6. M. C... soutient qu’il craint pour sa vie en cas de retour dans son pays. Il indique au cours de l’audience que « des politiciens » voulaient s’emparer de ses terres et l’ont menacé de mort. Toutefois il n’assortit son moyen d’aucun élément de preuve permettant d’en apprécier le bien-fondé.

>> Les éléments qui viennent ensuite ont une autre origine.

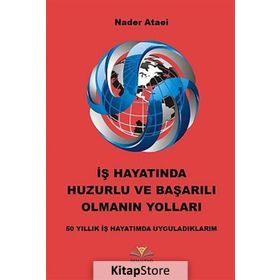 İş Hayatında Huzurlu ve Başarılı Olmanın Yolları - Nader Ataei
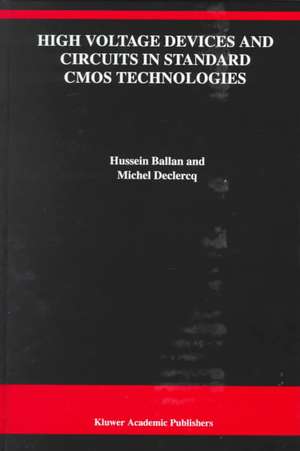 High Voltage Devices and Circuits in Standard CMOS Technologies de Hussein Ballan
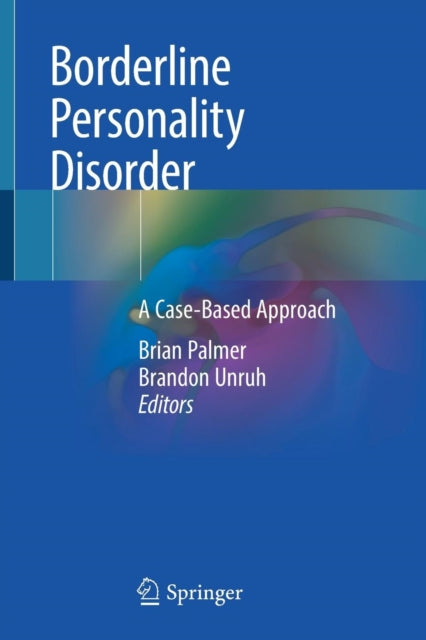 Book cover of: Borderline Personality Disorder. By: Brian Palmer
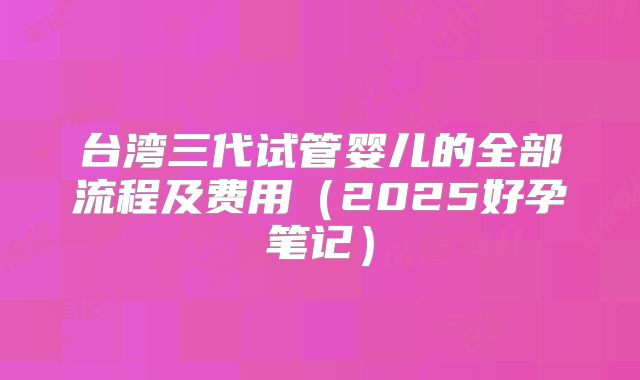 台湾三代试管婴儿的全部流程及费用(2025好孕笔记)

Par suite, le moyen tiré de la violation des stipulations de l’article 3 de la convention européenne de sauvegarde des droits de l'homme et des libertés fondamentales et de l’article L. 721-4 du code de l’entrée et du séjour des étrangers et du droit d’asile doit être écarté.

7. Il résulte de l’ensemble de ce qui précède que la requête de M. C... doit être rejetée en toutes ses conclusions.



D E C I D E :



Article 1er : La requête de M. C... est rejetée.

Article 2 : Le présent jugement sera notifié à M. E... C... et au préfet du Pas-de-Calais.


Prononcé en audience publique le 20 janvier 2026.


Le magistrat désigné,
Signé :
J. Krawczyk
La greffière,
Signé :
F. Leleu



La République mande et ordonne au préfet du Pas-de-Calais en ce qui le concerne ou à tous commissaires de justice à ce requis en ce qui concerne les voies de droit commun contre les parties privées, de pourvoir à l'exécution du présent jugement.